One of the biggest changes to Halloween The myth that Zombie created is the explanation for the evil of Myers. While Carpenter’s film presents an empty picture of pure evil – later revised and explained in Halloween: The Curse of Michael Myers (1995) – Zombie gives him humanity, making him the result of circumstances rather than innate inhumanity. Young Michael Myers (Daeg Faerch) grew up in poverty, raised by stinking men who owed more. Texas Chainsaw Massacre filmmaker Tobe Hooper rather than John Carpenter. With a mother forced to work too much at a strip club to support her family, a racist and abusive stepfather, an equally abusive sister and school bullies being bullied. possessed by a level of cruelty beyond their years, the boy Myers never had a chance. He will always become something. The mask simply gave him a form through which he could transform his feelings of loss, betrayal, and rage. Michael borrows from Sam Loomis (Malcolm McDowell), a result of internal and external influences. As the film’s title tag states, “the darkest souls are not those who choose to exist in the hells of the abyss, but those who choose to emerge from the abyss and move silently within us.” .” Sure it’s a bit babble, but one thing Zombie holds up to throughout his two films.
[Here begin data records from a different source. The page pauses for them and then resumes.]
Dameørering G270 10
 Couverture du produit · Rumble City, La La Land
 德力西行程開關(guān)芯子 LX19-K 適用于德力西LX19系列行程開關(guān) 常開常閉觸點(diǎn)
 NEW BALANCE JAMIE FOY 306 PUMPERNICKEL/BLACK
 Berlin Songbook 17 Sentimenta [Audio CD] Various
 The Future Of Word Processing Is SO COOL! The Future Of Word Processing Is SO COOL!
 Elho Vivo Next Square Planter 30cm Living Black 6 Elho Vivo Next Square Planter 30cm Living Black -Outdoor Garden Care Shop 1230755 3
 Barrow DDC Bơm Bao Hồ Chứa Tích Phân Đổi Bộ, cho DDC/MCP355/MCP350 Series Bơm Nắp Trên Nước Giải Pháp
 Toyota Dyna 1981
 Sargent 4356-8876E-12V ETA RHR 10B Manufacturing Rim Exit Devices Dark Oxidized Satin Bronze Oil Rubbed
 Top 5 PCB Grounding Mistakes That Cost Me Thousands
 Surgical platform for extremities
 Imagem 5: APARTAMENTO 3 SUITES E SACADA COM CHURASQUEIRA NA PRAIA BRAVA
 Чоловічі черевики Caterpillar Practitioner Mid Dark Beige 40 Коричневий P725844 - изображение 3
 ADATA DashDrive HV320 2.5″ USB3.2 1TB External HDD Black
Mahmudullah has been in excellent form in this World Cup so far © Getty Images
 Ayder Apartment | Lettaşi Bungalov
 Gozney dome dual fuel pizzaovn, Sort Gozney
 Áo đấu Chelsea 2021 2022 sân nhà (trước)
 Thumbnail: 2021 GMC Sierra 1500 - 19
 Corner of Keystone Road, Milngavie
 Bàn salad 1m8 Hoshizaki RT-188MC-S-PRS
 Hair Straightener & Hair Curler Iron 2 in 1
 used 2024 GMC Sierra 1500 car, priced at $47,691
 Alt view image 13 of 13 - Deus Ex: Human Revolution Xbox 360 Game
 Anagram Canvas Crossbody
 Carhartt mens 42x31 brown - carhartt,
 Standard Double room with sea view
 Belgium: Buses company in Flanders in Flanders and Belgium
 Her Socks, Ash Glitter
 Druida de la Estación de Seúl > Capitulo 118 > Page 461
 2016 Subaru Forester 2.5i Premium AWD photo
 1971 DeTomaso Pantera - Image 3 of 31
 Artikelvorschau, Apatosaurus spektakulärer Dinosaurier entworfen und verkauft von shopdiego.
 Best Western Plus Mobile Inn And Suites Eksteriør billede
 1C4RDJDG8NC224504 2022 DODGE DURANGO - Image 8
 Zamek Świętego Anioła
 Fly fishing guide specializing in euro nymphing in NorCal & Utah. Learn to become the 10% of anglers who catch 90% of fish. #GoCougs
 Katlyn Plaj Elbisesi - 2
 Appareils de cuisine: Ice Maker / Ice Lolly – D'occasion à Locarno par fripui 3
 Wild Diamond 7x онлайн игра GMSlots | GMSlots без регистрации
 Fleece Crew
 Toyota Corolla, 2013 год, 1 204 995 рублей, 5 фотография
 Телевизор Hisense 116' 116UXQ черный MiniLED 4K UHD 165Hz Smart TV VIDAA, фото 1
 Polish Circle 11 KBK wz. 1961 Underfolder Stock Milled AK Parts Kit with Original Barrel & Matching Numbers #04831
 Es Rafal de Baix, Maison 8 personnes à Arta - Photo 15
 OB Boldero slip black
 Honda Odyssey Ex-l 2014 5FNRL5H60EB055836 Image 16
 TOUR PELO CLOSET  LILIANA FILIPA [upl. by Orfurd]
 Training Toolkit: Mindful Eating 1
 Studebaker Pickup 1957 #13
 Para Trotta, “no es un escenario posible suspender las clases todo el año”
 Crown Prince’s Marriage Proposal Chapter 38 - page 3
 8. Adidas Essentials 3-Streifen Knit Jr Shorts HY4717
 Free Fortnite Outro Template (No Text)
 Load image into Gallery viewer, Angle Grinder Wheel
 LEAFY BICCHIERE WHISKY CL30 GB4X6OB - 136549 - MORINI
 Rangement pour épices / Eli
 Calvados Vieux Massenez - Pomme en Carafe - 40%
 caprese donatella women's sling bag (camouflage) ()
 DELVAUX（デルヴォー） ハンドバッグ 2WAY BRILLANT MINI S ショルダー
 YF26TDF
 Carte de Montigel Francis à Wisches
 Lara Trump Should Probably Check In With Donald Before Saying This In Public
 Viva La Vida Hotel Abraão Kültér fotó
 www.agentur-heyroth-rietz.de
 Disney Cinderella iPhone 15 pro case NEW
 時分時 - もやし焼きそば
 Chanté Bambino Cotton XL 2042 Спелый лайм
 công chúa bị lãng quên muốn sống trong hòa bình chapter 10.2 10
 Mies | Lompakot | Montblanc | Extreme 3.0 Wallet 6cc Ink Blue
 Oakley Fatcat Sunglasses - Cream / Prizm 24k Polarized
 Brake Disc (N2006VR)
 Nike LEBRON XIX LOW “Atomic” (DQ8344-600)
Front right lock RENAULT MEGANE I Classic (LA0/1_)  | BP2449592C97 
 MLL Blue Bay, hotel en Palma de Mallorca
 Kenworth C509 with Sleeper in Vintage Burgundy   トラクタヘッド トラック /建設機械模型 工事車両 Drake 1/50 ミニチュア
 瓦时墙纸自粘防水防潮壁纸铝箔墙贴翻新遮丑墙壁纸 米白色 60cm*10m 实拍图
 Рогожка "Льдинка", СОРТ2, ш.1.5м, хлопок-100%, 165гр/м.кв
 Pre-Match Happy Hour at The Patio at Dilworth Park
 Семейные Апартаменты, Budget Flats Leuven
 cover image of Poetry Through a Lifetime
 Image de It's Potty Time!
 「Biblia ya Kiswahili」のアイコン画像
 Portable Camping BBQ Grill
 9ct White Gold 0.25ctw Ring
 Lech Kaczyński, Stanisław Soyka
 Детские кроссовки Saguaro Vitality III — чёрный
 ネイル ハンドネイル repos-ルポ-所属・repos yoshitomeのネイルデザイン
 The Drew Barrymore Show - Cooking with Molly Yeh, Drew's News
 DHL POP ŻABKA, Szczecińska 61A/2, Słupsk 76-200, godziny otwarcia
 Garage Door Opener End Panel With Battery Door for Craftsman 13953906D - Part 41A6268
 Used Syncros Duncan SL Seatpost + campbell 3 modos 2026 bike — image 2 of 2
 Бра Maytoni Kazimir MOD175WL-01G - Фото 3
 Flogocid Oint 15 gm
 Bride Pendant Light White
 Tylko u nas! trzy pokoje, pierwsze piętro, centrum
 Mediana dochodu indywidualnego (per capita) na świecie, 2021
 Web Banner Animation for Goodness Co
Is Michael a less intimidating character when we see so much of his childhood and are given concrete explanations explaining why he is? Probably. But this need to explain evil feels relevant in a decade defined by the search for answers to why people commit the atrocities they do. September 11, 2001 and the subsequent War on Terror shaped our horror films. How can they not? Although the events that explain who Michael is and why he does what he do take place in the 90s, there is a sense that Zombies, whether consciously or as a result of the world in which he filmed , is posing to our need for implicit answers, tying modern horrors to the past in a way that is directly traceable, albeit obscured. For Zombie, horror is generational and familial, and that’s also what made its bloody head in his previous films – The house of 1000 corpses (2003) and its sequel The Devil’s Rejects (2005).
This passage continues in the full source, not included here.